▶ [Input records]
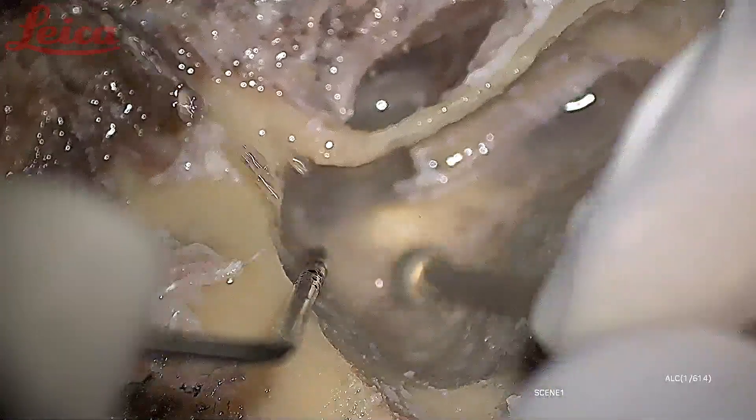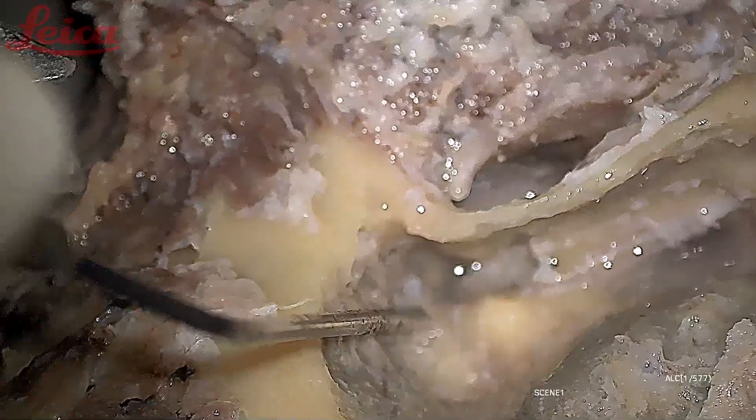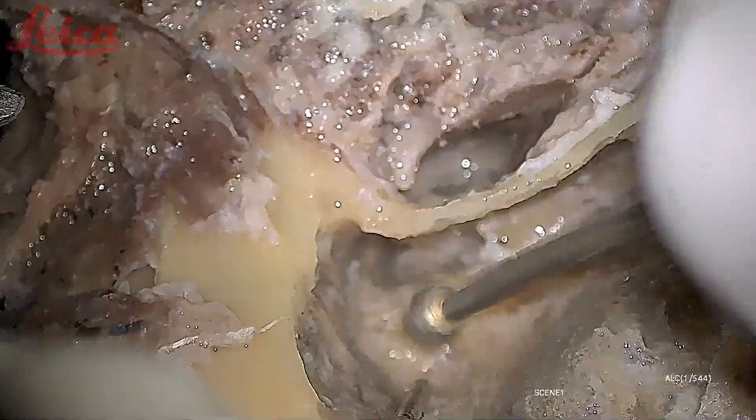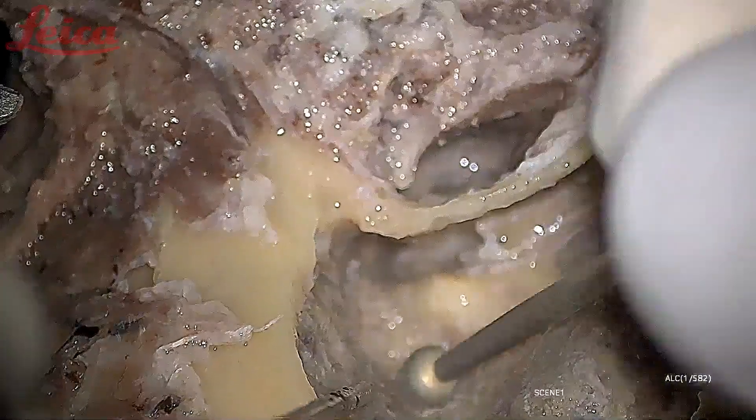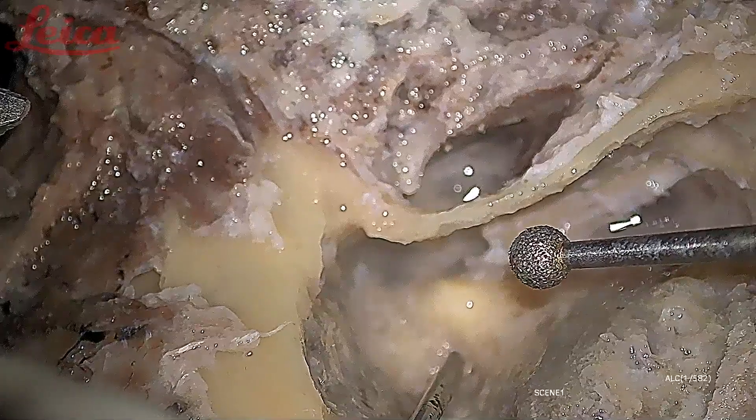The facial nerve is completely exposed now, so there are good chances it might get caught in the burr tip when I am drilling. The next step would be to delineate the semicircular canals. I think we can take a break and go for lunch together.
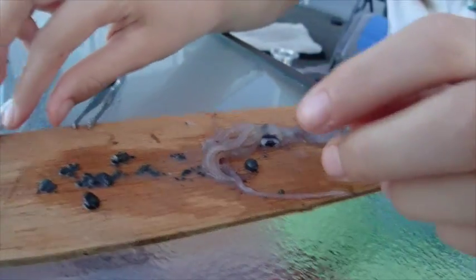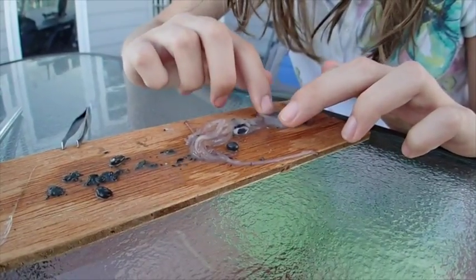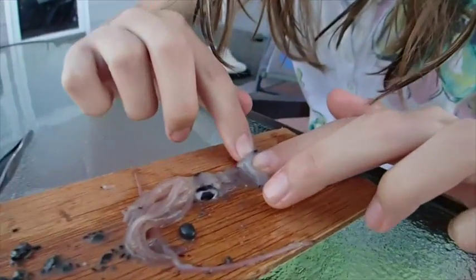Do these have a shell inside? Do these have any kind of shell, or is that pretty much it? That was pretty much it. Here's another ink sack — there are two ink sacks.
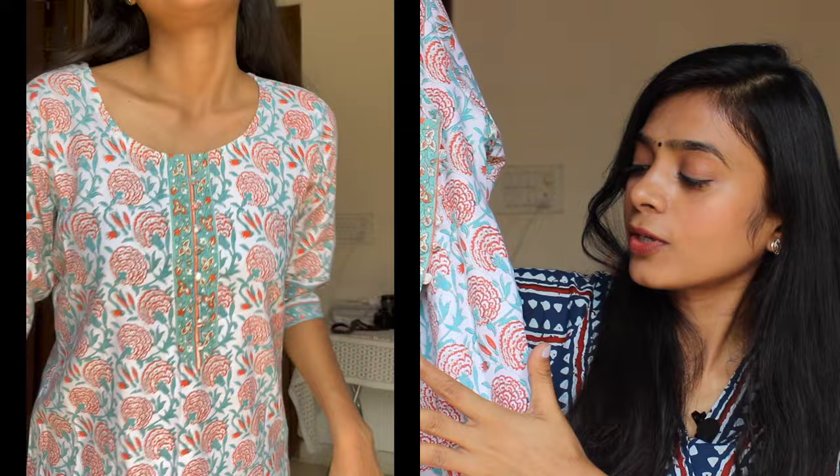Moving on, I have some actual kurtis. This one is from the brand Lookmark and it is a very popular, best-seller sort of kurti. As you can see, it's a round neck, full-length kurti with a floral print in white and a little golden shimmer. You can style it with leggings or jeans. This is in size medium. The cloth is cotton but a little thick — not light cotton, a slightly thicker cotton.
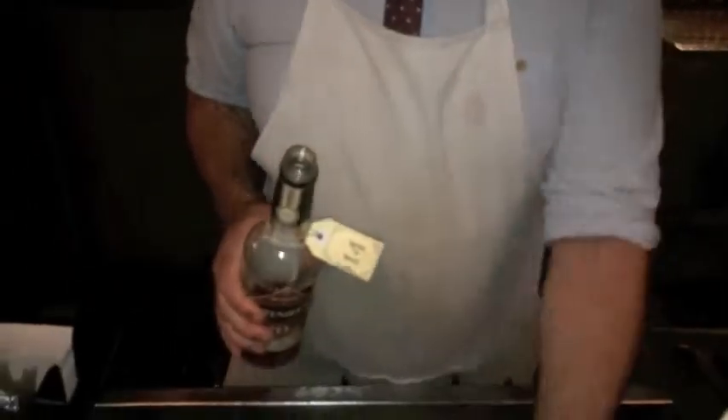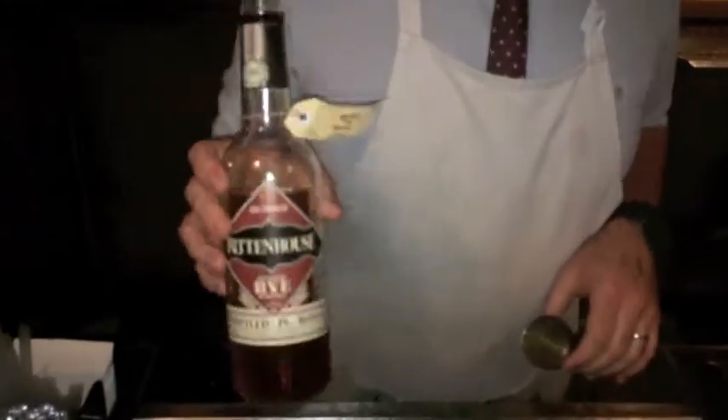Hey, my name is Steve, I'm from the Baxter Inn and I'm going to be making you a Red Hook today. This is one of my favourite stirred down whisky drinks, based on a Manhattan. It's obviously a twist on the New York boroughs.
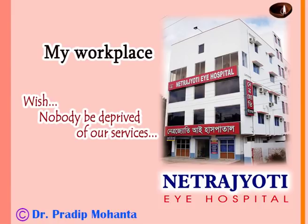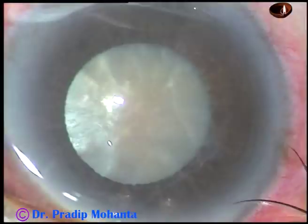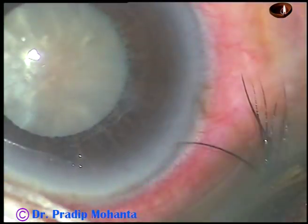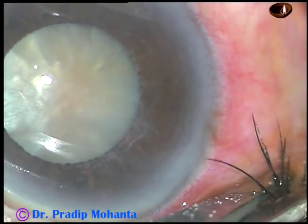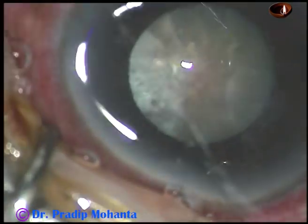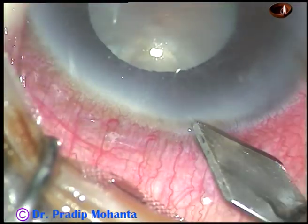Friends, welcome to my workplace at Ranaghat, West Bengal, India. This is a mature white cataract with pseudo exfoliation with small pupil, so a lot of challenges in this case. If the eyelashes are not properly covered, cut the lashes flush at the lid margin, and thoroughly irrigate the ocular surface with balanced salt solution.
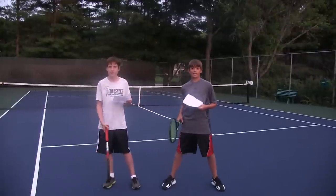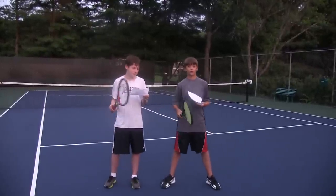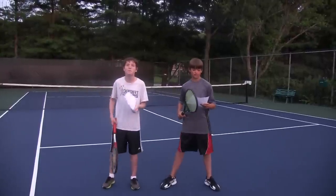Hey guys, what's up? We're back. You guys know those ridiculous over-the-top commercials? I bet you do. I came up with one for charged-up tennis, and me and Joe are gonna pitch it to you.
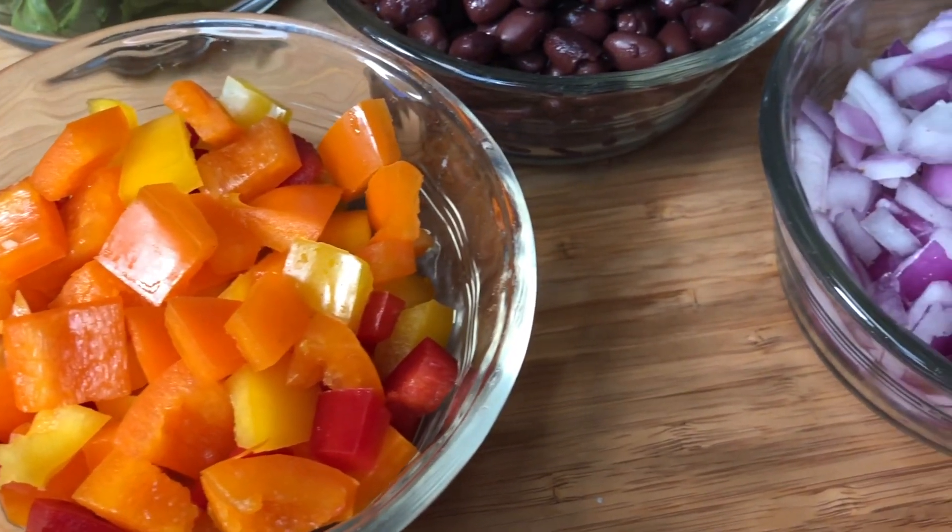In this video I'll be making enchiladas. These are going to be plant-based, but I think you will find them really delicious. I hope that you can make them — in the description box below the video I'll be putting the link to the recipe. So let's get started!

▶ [Aim of the task] Within the listing above, write out the stretch from the line with "Moving on, I" through the line with "Hey, my name" exactly. Any pictures are to be left out.

▶ [Answer box]
Moving on, I have some actual kurtis. This one is from the brand Lookmark and it is a very popular, best-seller sort of kurti. As you can see, it's a round neck, full-length kurti with a floral print in white and a little golden shimmer. You can style it with leggings or jeans. This is in size medium. The cloth is cotton but a little thick — not light cotton, a slightly thicker cotton.
Hey, my name is Steve, I'm from the Baxter Inn and I'm going to be making you a Red Hook today. This is one of my favourite stirred down whisky drinks, based on a Manhattan. It's obviously a twist on the New York boroughs.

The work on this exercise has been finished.